Write out the data below exactly as given, without any of its pictures.

» **Data block**:

◆ ◆ ◆ ◆ ◆

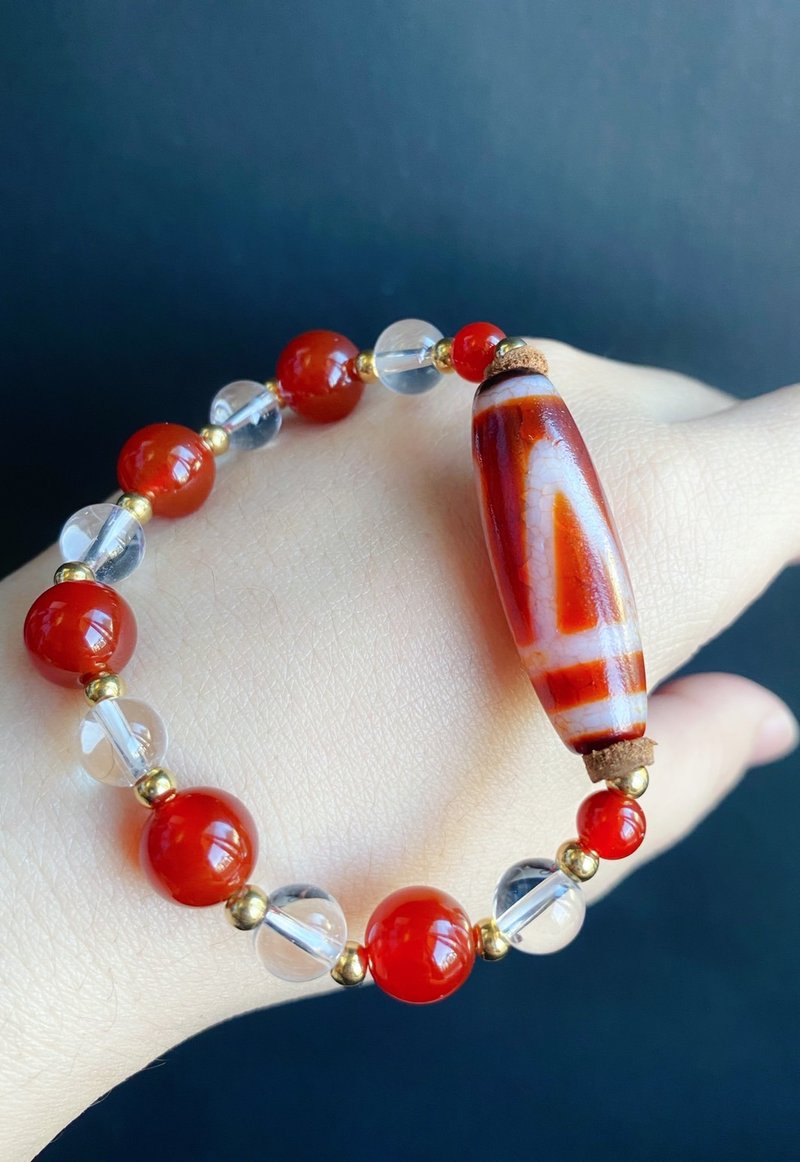 【售出】高油润度 至纯型 红玉髓天珠 一眼靠山 礼物 设计款 手链 - 手链/手环 - 水晶 红色
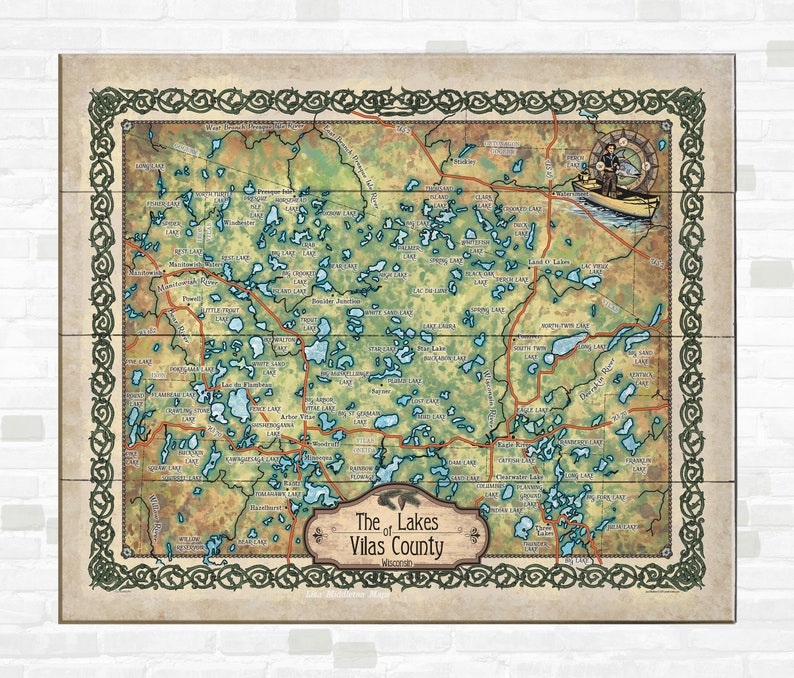 Lakes of Vilas County Wisconsin Lake Map Art Map Art on Wood Etsy UK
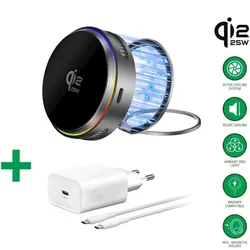 4smarts Qi2 25W / MagSafe Ladegerät-Set mit Kühlung, RGB, Kabel 1,5m, spacegrau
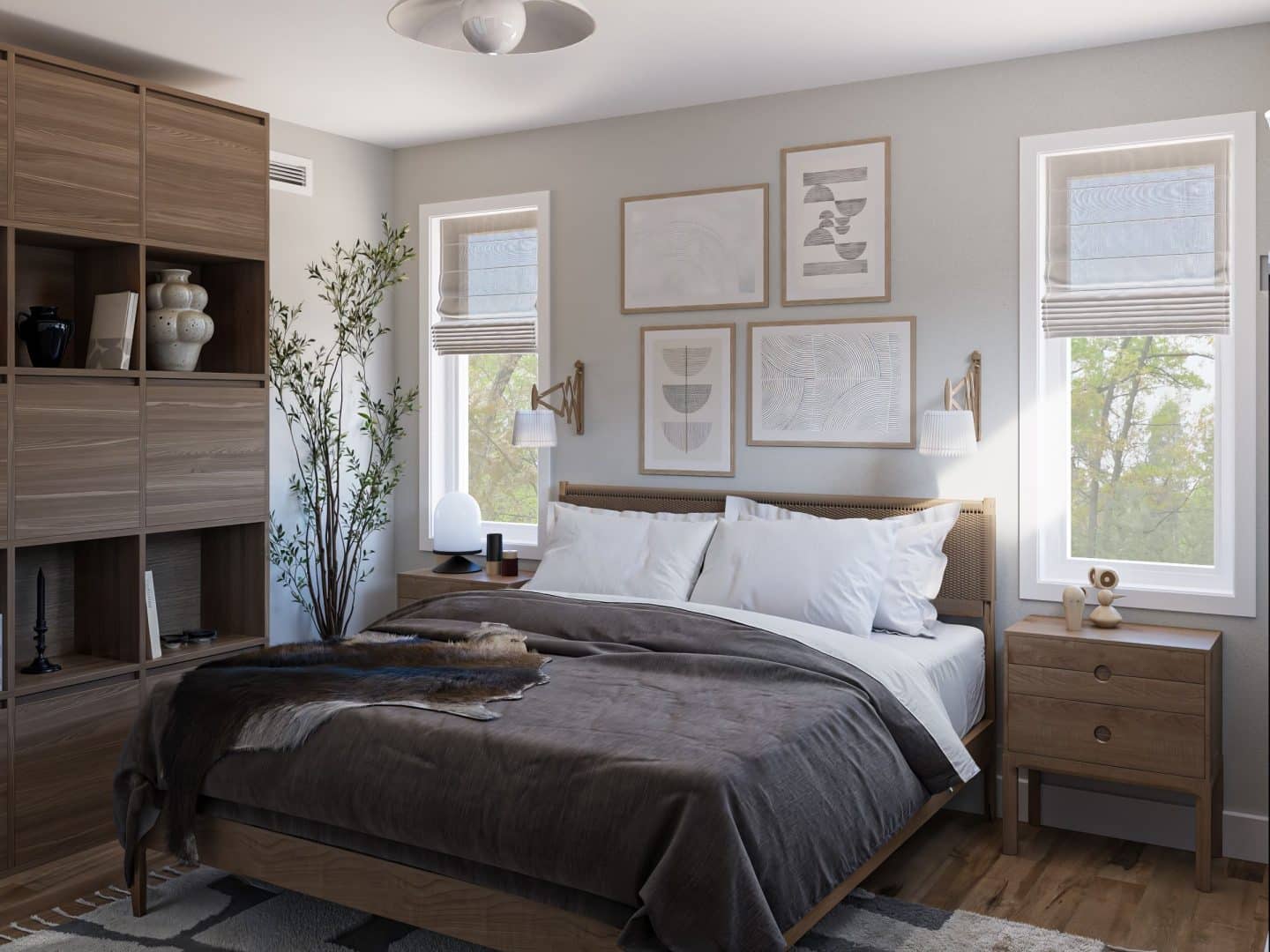 Le modèle Hera est un plain-pied de style scandinave. Vue de la chambre secondaire.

◆ ◆ ◆ ◆ ◆

» **Problem solution**:
 【售出】高油润度 至纯型 红玉髓天珠 一眼靠山 礼物 设计款 手链 - 手链/手环 - 水晶 红色
 Lakes of Vilas County Wisconsin Lake Map Art Map Art on Wood Etsy UK
 4smarts Qi2 25W / MagSafe Ladegerät-Set mit Kühlung, RGB, Kabel 1,5m, spacegrau
 Le modèle Hera est un plain-pied de style scandinave. Vue de la chambre secondaire.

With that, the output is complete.